Ayrıca Dükkancık, ’’Altın fiyatlarına aylık olarak bakıldığında son 12 yıllık süreçte önemli bir formasyon olarak gördüğümüz fincan-kulp formasyon oluşumu dikkat çekiyor. Son 3 yılda 3 kez deneyip geçemediğimiz 2000-2100 bandının aşılması halinde, altın fiyatlarında uzun vadeye yayılacak yeni bir yükseliş trendi oluşması beklenebilir. Bu kırılımı yaratabilecek temel nedenlere baktığımızda iki unsur öne çıkıyor. Birincisi merkez bankalarının bunca agresif adım ve şahin duruşuna karşın enflasyonun global ölçekte kontrol altına alınamaması; ikincisi ise finansal sitem üzerinden yayılacak olası bir sistemik riske karşı güvenli liman arayışının öne çıkması.’’ diyerek düşüncelerini dile getirdi.

Karayazıcı, ‘’Önümüzdeki 12 aylık vadede ben tahvil uzun vadeli fazilerde 80 baz puan kadar daha düşüş görebileceğimizi ons altının da görece daha ılımlı bir hızla da olsa yükselişi sürdürülebileceğini düşünüyorum.’’ dedi.
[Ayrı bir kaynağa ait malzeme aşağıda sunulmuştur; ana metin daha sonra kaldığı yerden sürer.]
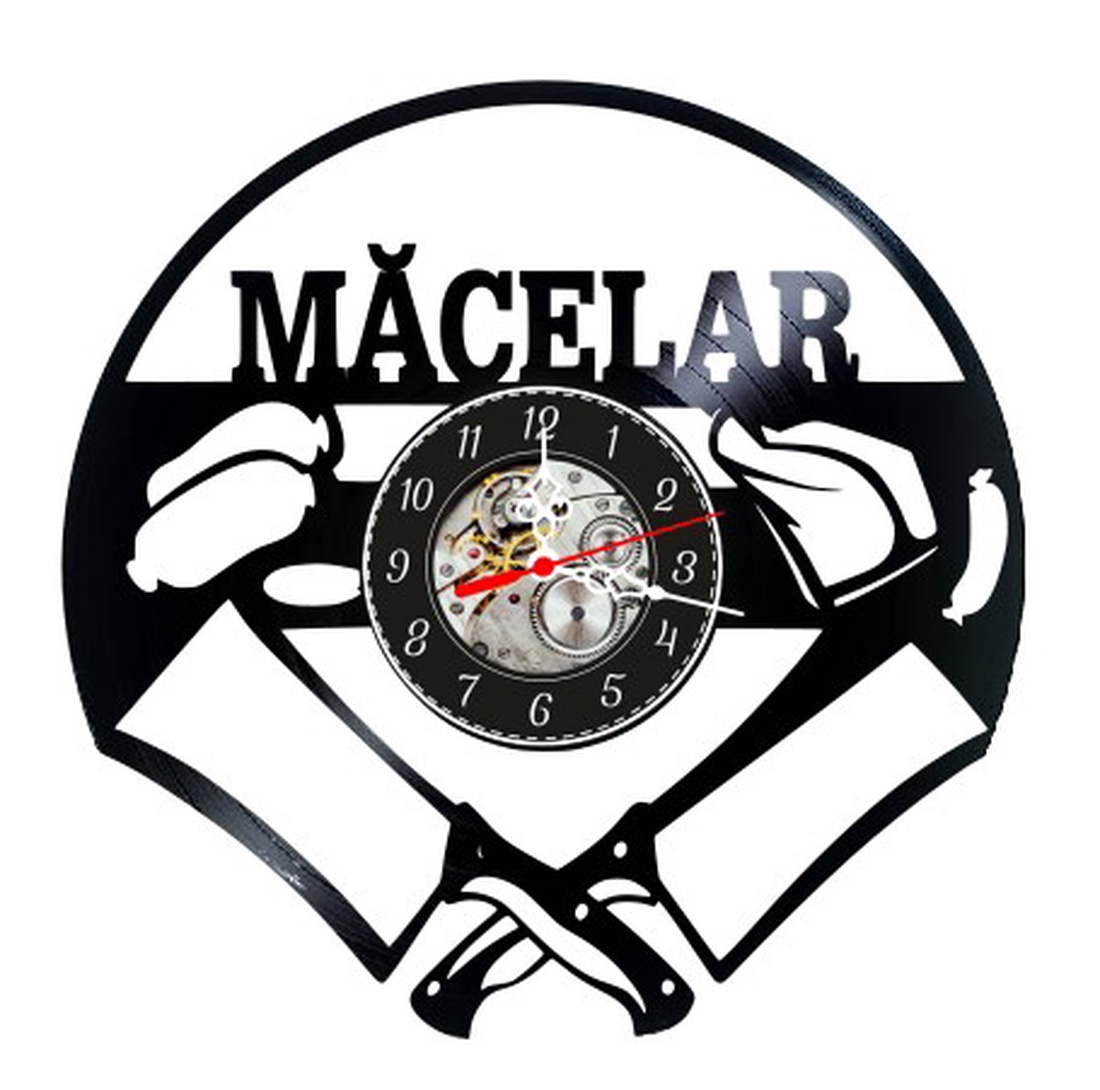 Ceas de perete decorativ realizat din disc de vinil, Model Macelar cu Satâre si Mezeluri, Text Măcelar, Negru, 30 cm - casă & stil de viață - decorațiuni de casă - decorațiuni de pereți - ceasuri de perete - Artynos.ro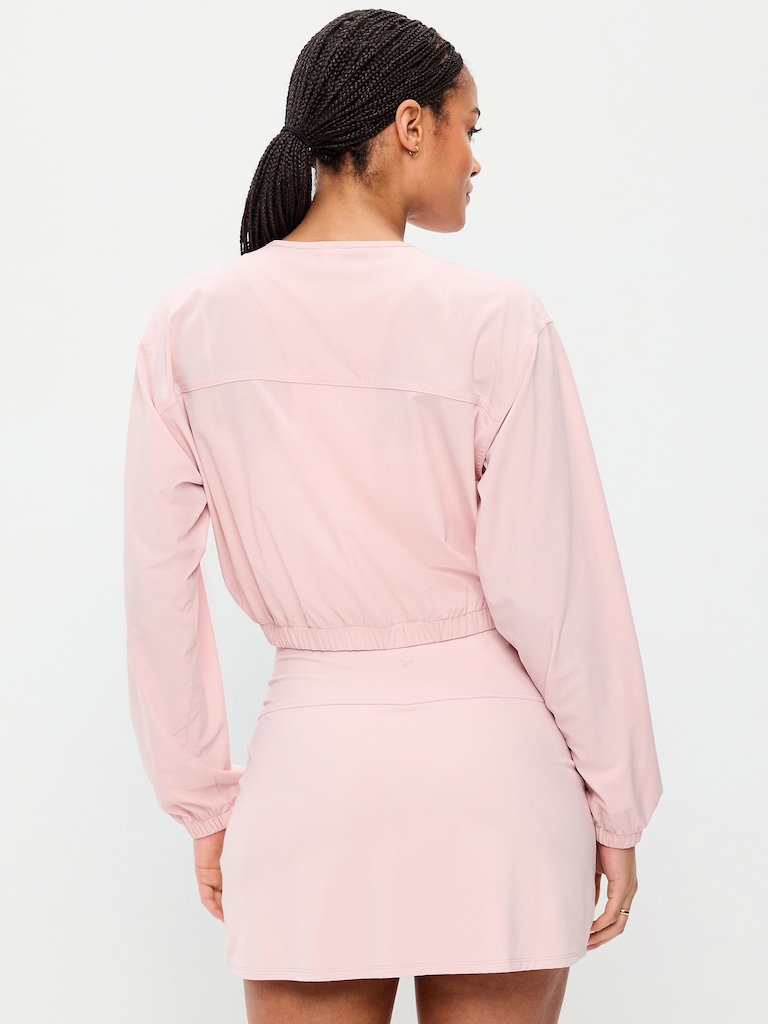 Zip-Front Cropped Tennis Jacket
Özsoy, ‘’Şu anda bir sıkışma olduğunu sanmıyorum. Bu durum, bankacılık krizi sonrasında oluşa doğal bir panik ile riskten kaçınma hareketi. Bu durum geçecektir. Yeniden ortalık yatışınca ons altında bin 943 dolar seviyesinin altına sarkmalar göreceğiz. Bu düşüşler olacaktır evet ancak sonrasında ben yine 2 bin dolar fiyatının yeniden test edilme olasılığını çok yüksek görüyorum. Bu gelişmeler için Fed’in artık faiz artışlarına dur demesi ve ABD dolar endeksinin de 100 seviyelerinin altına çekilmesi gerekiyor.’’ ifadelerine kullandı.